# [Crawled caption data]
╭──
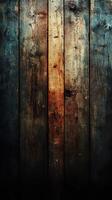 Wooden planks arranged in an artistic pattern with varied textures and colors reflecting a rustic charm and warmth photo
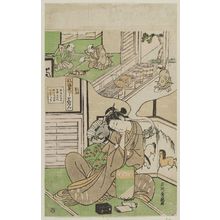 Ishikawa Toyonobu: A Fashionable Parody of the Nô Play Kantan (Fûryû yatsushi Kantan) - Museum of Fine Arts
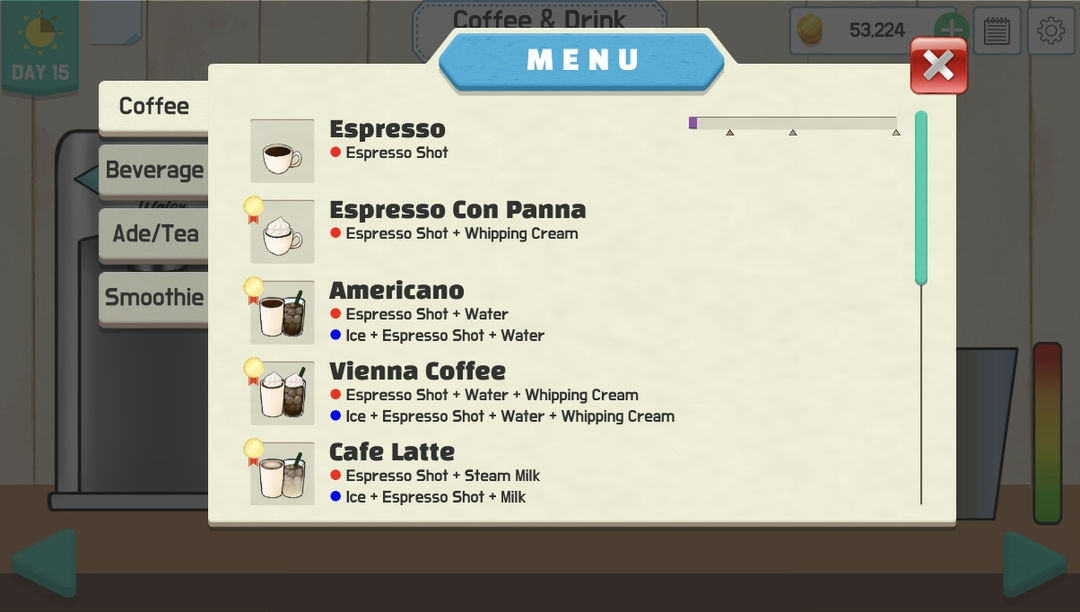 Sweet Cafe screenshot game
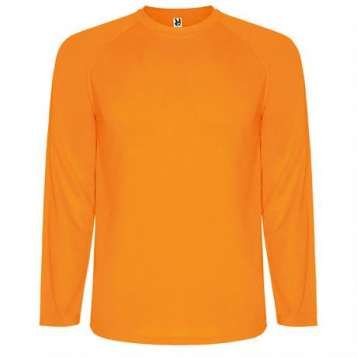 Спортивная футболка MONTECARLO L/S мужская, ФЛУОРЕСЦЕНТНЫЙ ОРАНЖЕВЫЙ XL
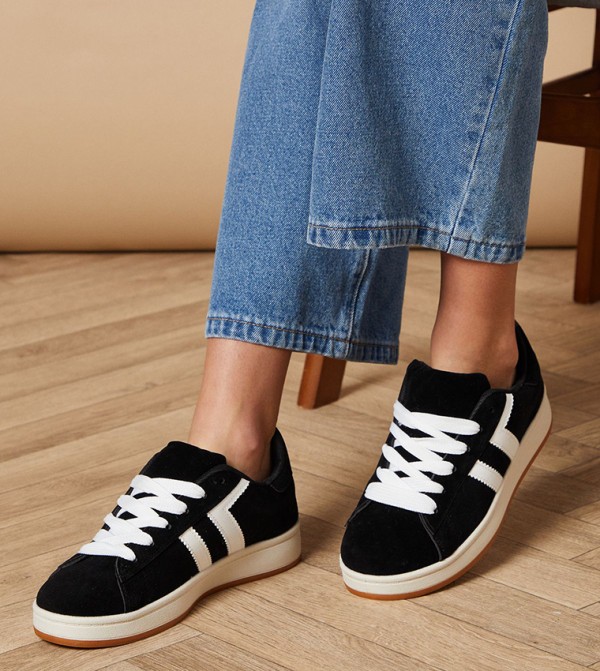 Leocadia Faux Suede Lace-Up Sneakers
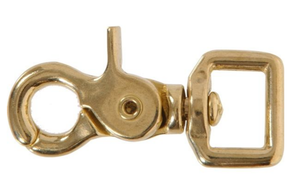 Hillman 853241 Snap Swivel Trigger Snap, Brass, 5/8 in. x 2-1/2 in.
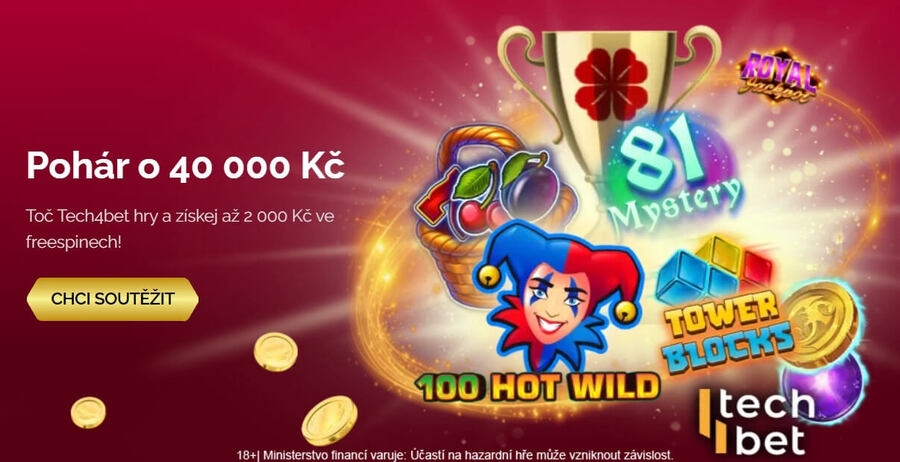 Tech4Bet pohár o 40 000 Kč u LuckyBetu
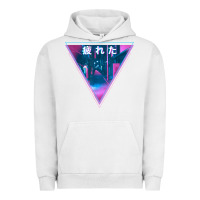 Pigment Lunar Rock tired japanese otaku   abandoned city street art t shirt Urban Hoodie - linhVisuals
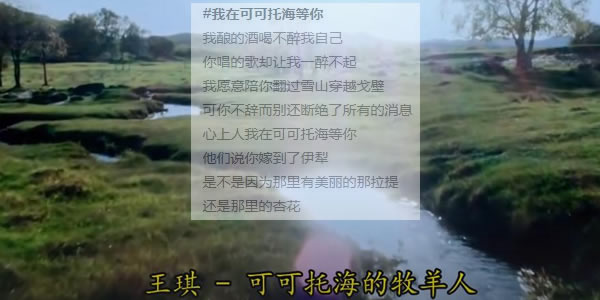 心上人我在可可托海等你是什么歌 心上人我在可可托海等你是什么歌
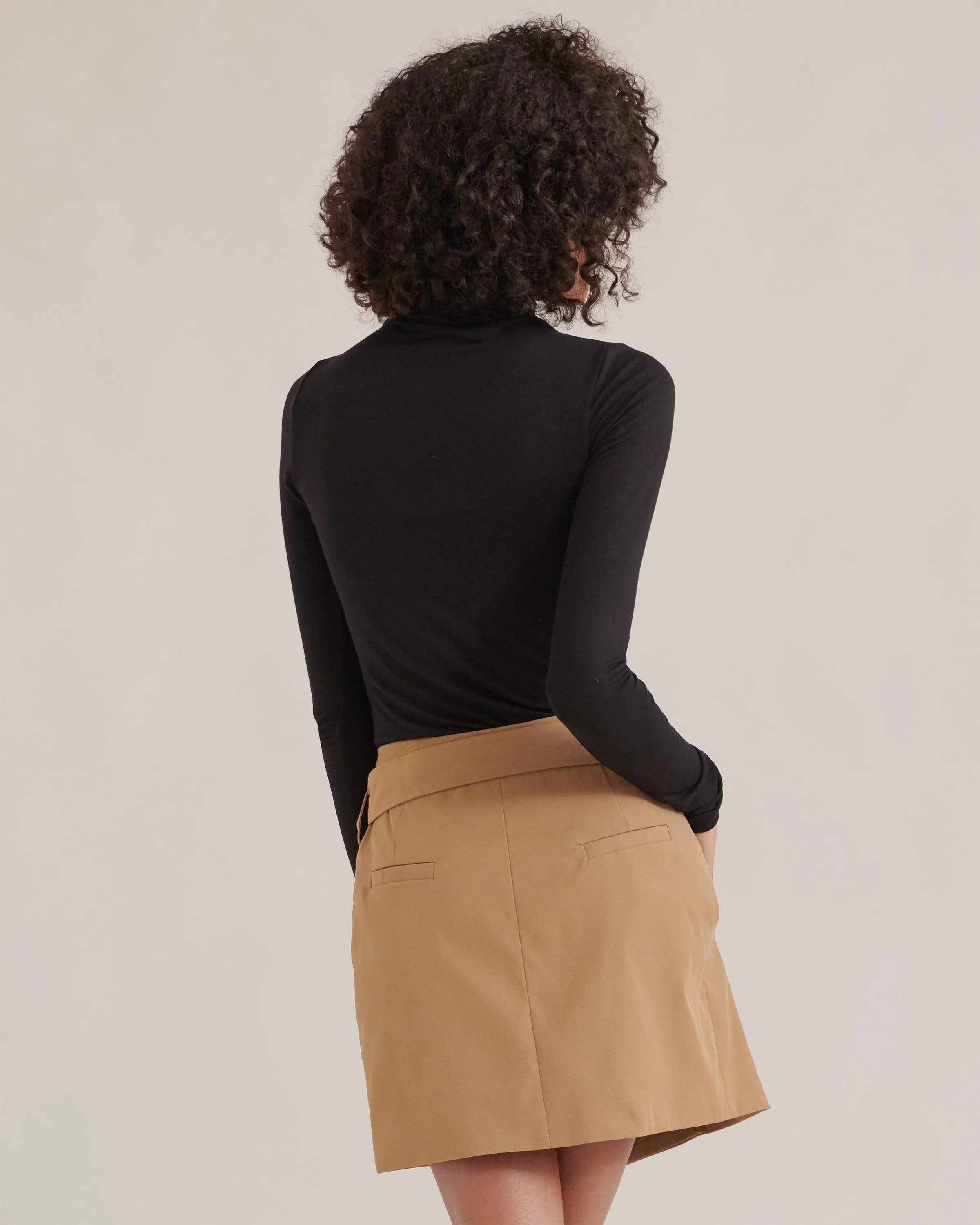 Anya Mock-Neck Long-Sleeve Tee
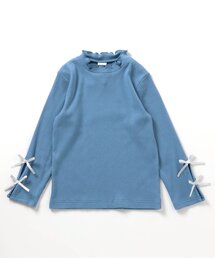 apres les cours | 【WEB限定】袖リボンリブTシャツ(Tシャツ/カットソー)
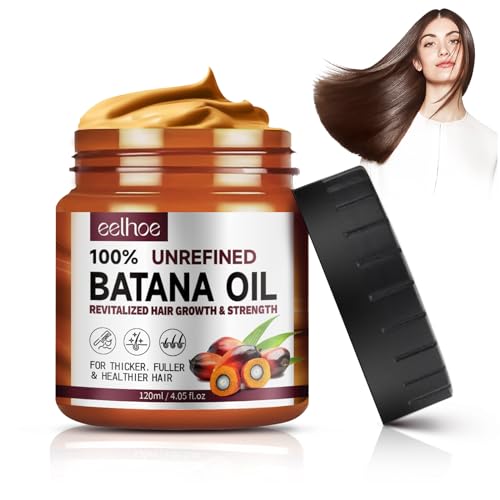 Bio Batana Öl für Haarwachstum,Bio Batana Öl für Haare,Batana Oil Organic for Growth Hair Rosmarinöl Haare Reines Organisches Natürliches und Kaltgepresstes Haaröl (120 ml)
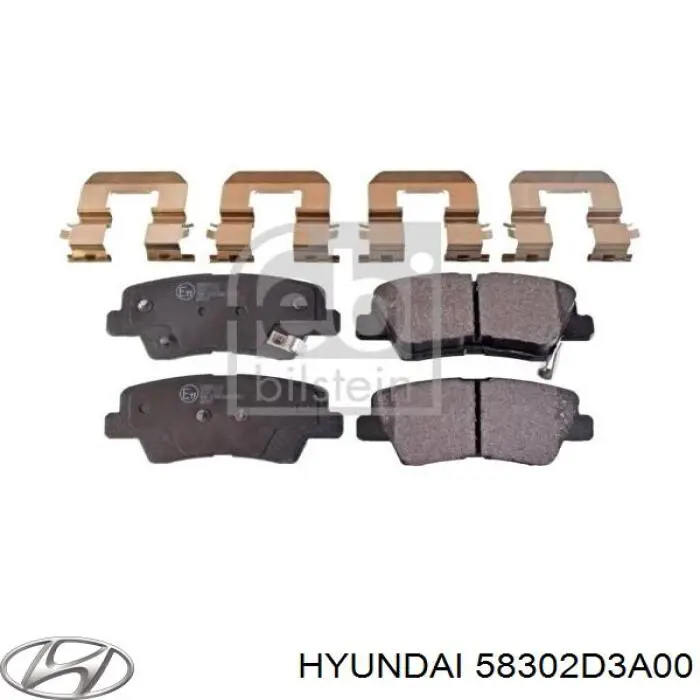 58302D3A00 Hyundai/Kia Колодки тормозные дисковые комплект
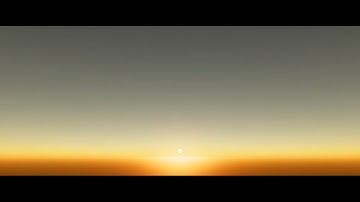 Procedural skybox animation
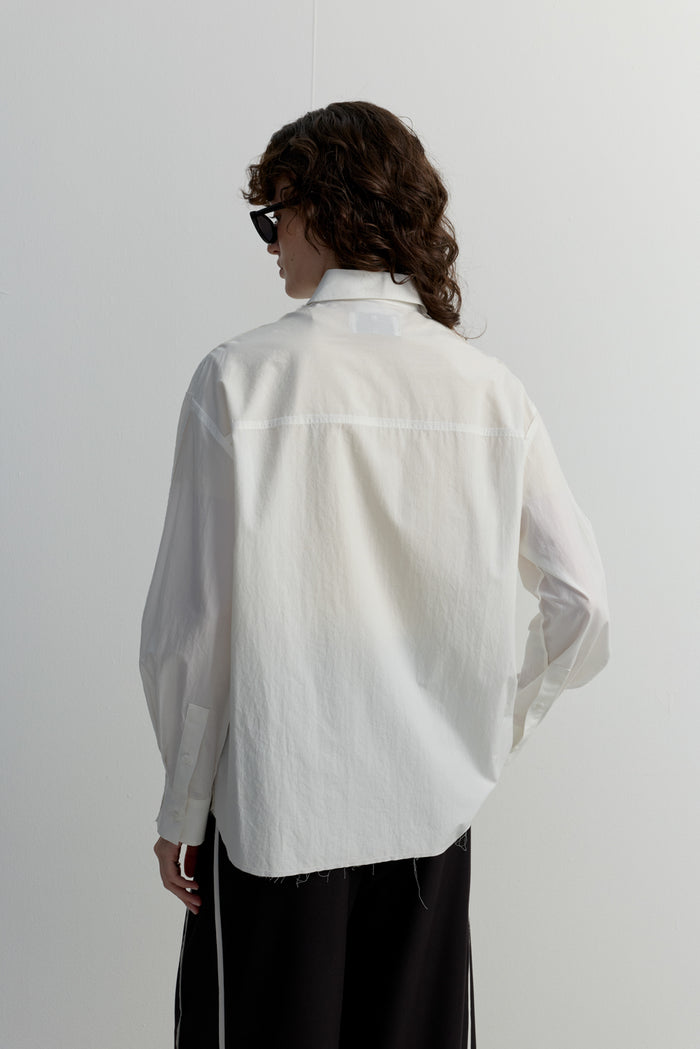 UNFINISHED HEM SHIRT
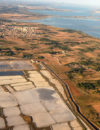 Vue aérienne des Salines de Villeneuve-lès-Maguelone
╰──
Restate, exactly as they appear, the line with "Tech4Bet pohár o 40 000 Kč u LuckyBetu" and all the lines after it up to the end of the data above; images do not belong in the copy.

 Tech4Bet pohár o 40 000 Kč u LuckyBetu
 Pigment Lunar Rock tired japanese otaku   abandoned city street art t shirt Urban Hoodie - linhVisuals
 心上人我在可可托海等你是什么歌 心上人我在可可托海等你是什么歌
 Anya Mock-Neck Long-Sleeve Tee
 apres les cours | 【WEB限定】袖リボンリブTシャツ(Tシャツ/カットソー)
 Bio Batana Öl für Haarwachstum,Bio Batana Öl für Haare,Batana Oil Organic for Growth Hair Rosmarinöl Haare Reines Organisches Natürliches und Kaltgepresstes Haaröl (120 ml)
 58302D3A00 Hyundai/Kia Колодки тормозные дисковые комплект
 Procedural skybox animation
 UNFINISHED HEM SHIRT
 Vue aérienne des Salines de Villeneuve-lès-Maguelone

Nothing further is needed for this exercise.